基本每天都会给布同林打上几个电话,问问周智近况。
两人通话,免不了寒暄几句。
聊着聊着,自然就绕到周智身上……他也就慢慢听进了耳朵里。
常言道:三人成虎。
他没在周智身边,消息全靠布同林转述,难免走样。
当然,这也不全怪别人……每次聊起周智,他自己语气里总带着几分羡慕。
布同林一见,便顺势添柴加火,专挑听着劲爆的说:周智又干了什么、见了谁、谈了哪桩事……还顺手把数字往上提一提,把场面描得更热闹些。
于是王建军听到的,就成了这样一幅图景:周智这次要在暹罗大干一场,地已拿下上千亩;本地几股势力头目,都见过好几回面;中间那边因条件没谈拢,差点动起手来;眼下,周智要把暹罗这边的事全权交给他打理。
一听这些,王建军心头就是一沉。
暹罗不是香江,周智在这儿根基尚浅,他本人更是一无所知。万一栽个跟头,可真对不起这份托付。
“怎么了?”
周智见王建军低头不语,开口问:“有难处?还是不想留在这儿?”
“建军啊。”
他顿了顿,又道:“男人该往外走走。你跟在我身边两年,该见的、不该见的,都见过了;该学的,也该学得差不多了。”
“是时候自己撑起一片天了。”
“呃……”
王建军略一迟疑,才开口:“老板,谢谢您信得过我。可我怕……”
“怕做砸了,辜负您。”
“我不怕自己吃苦,就怕把您的事办砸了。”
他听懂了。
这两年,他确实长了眼力,也攒了本事。心里早有过念头:该出去试试。
可想到周智一路照拂,他又拉不下脸提离开。
如今机会摆到眼前,不动心是假的。
话虽如此,真要点头,胸口却像压了块石头……
怕自己扛不住,怕让周智失望。
尤其听完布同林那些话,底气更虚了几分。
“呵。”
周智笑了笑:“建军,你把自己看得太轻了。你的本事,我天天看着呢。”
“我找你来,就是信你能行。”
“再退一步讲,就算中间出点状况,后面还有我在。”
“你信不过自己,还不信我?”
他明白王建军的心结。
换作是他,刚接到这活儿,照样会发怵。
万事开头最难,不迈出去,永远不知道脚底下是软土还是硬地。
只是他并不知道……
王建军这份不踏实,倒有一半是布同林吹出来的。
若让他晓得布同林一边在香江替他守着小女友,一边对着王建军满嘴跑火车,少不得要揪住耳朵训一顿。
“好!”
王建军深吸一口气,站直身子,声音稳了下来:“老板,我接!您放心,我拼尽全力……”
“哪怕豁出去,也一定把事办好,绝不让您失望。
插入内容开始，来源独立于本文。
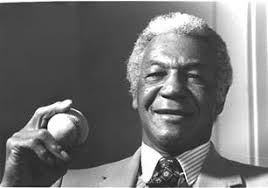John "Buck" O'Neil holding a baseball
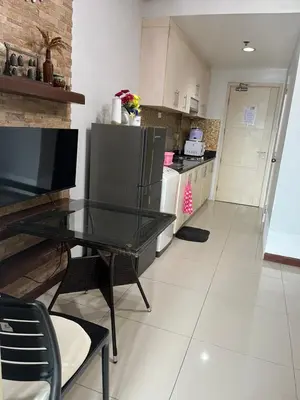 a kitchen with a glass table and a kitchen with a counter at Sea Residences by-Azenith in Manila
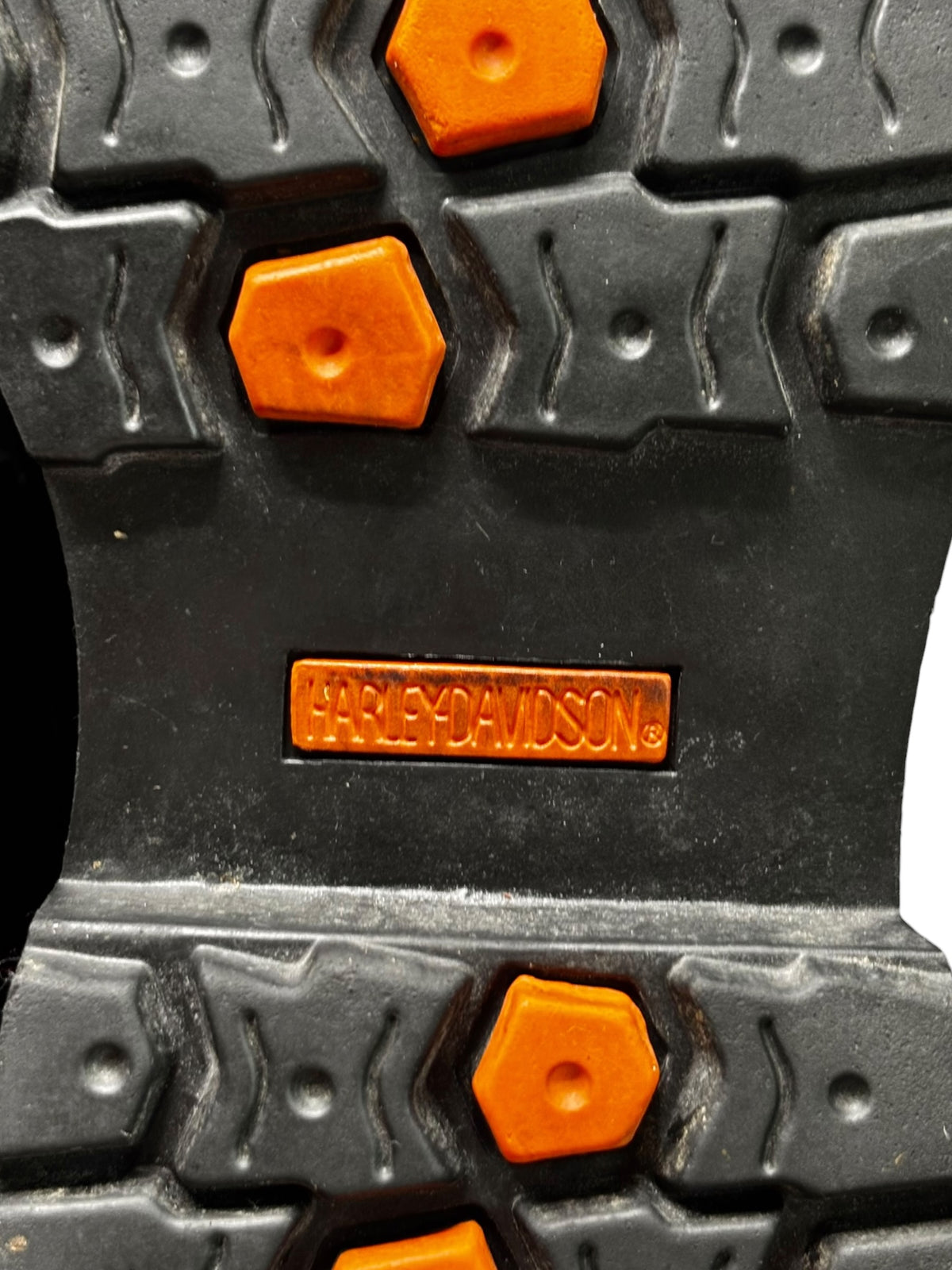 Rubber boot outsole tread with orange traction buttons and Harley-Davidson logo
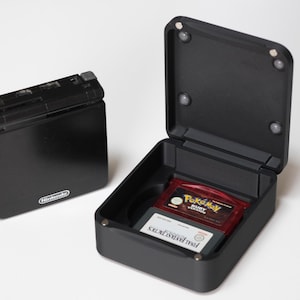 May include: Black Nintendo Game Boy Advance SP console next to a black case holding two game cartridges. One cartridge is red with "Pokemon Ruby Version" text. The other cartridge is white with "Final Fantasy Tactics" text.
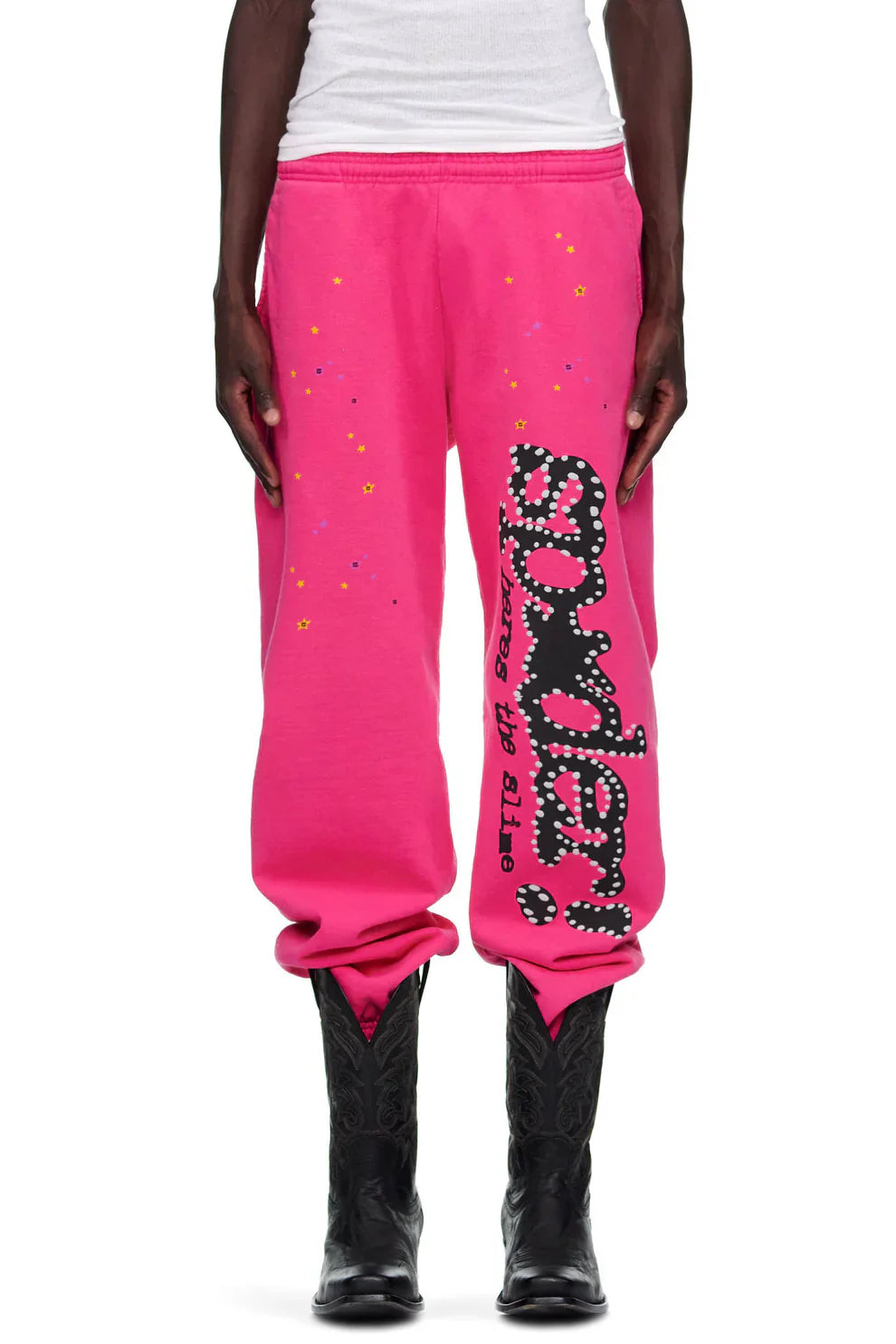 A person wearing Sp5der Unisex Pink Cotton Wide Leg Sweatpants with a graphic logo print, styled with black cowboy boots and a white shirt.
”
“哎……”
周智一愣,随即摇头失笑:“豁什么命?我是让你管安保,不是让你单刀赴会。”
“我在暹罗投的是正经生意,又不是抢码头。”
“主要让你搭起安保班子,高晋也在,他比你熟门熟路。”
“难是难,但不至于提心吊胆。”
“啊……这……”王建军眨眨眼,一时没转过弯。
“高晋。”
周智没等他反应过来,直接转向旁边那人:“刚才的话,你也听见了。”
“我做事向来直来直去。留建军,不是对你不放心。”
“换个角度想……你刚进门,什么事都没干过,我凭什么立刻信你?”
“明白。”
高晋点点头,语气平实:“老板,我懂。没想法。”
这些年混迹江湖,三教九流都打过交道,他清楚周智为什么这么安排。
换成他自己,恐怕更谨慎……说不定连门都不让进。
“懂就好。”
周智颔首:“我这个人,话撂这儿,不拐弯。你现在、以后,有什么想法,随时直说。”
“自己人之间,最忌憋着不说。日子久了,小事也能变成疙瘩。”
“人不是神,总有疏漏。有问题及时讲出来,才能补上;闷着不吭声,才是真把事情拖垮。”
……
餐厅装潢考究,灯光温润。
长桌铺着素白桌布,各色菜肴齐整摆开,醒好的红酒静静立在一旁。
周智、博士、阿香、雅加、南希,还有一个小男孩,围坐其中。
“周生!”
博士举起酒杯,笑容诚恳:“这次多谢您援手,还有那些实在的生意建议。”
“太客气了。”
周智也举起酒杯,嘴角微扬:“小事一桩,这阵子我可没少叨扰你。”
杯沿轻碰,两人各啜一口,随即放下。
“阿姐!我要吃那个!”
话音刚起,博士身旁的小男孩拽了拽她衣袖,小手指直直戳向桌上的龙虾。
“好嘞,阿姐给你夹!”
博士笑着夹起一块嫩肉,稳稳放进孩子盘里。
抬头时略带歉意:“周生,不好意思……这是我小弟,年纪小,不懂规矩。”
“呵!”
周智摆摆手,眉眼舒展:“没事,孩子嘛,就该这样。”
整顿饭,几乎全在闲聊里淌过去。
没谈正事,也不赶进度,只是东一句西一句地扯着,气氛松快得像晒过太阳的棉被。
博士的分寸拿捏得极准:雅加和南希话不多,她照样笑着搭上几句;头回进这种场合的阿香起初绷着肩,几句话下来,也跟着笑出声来。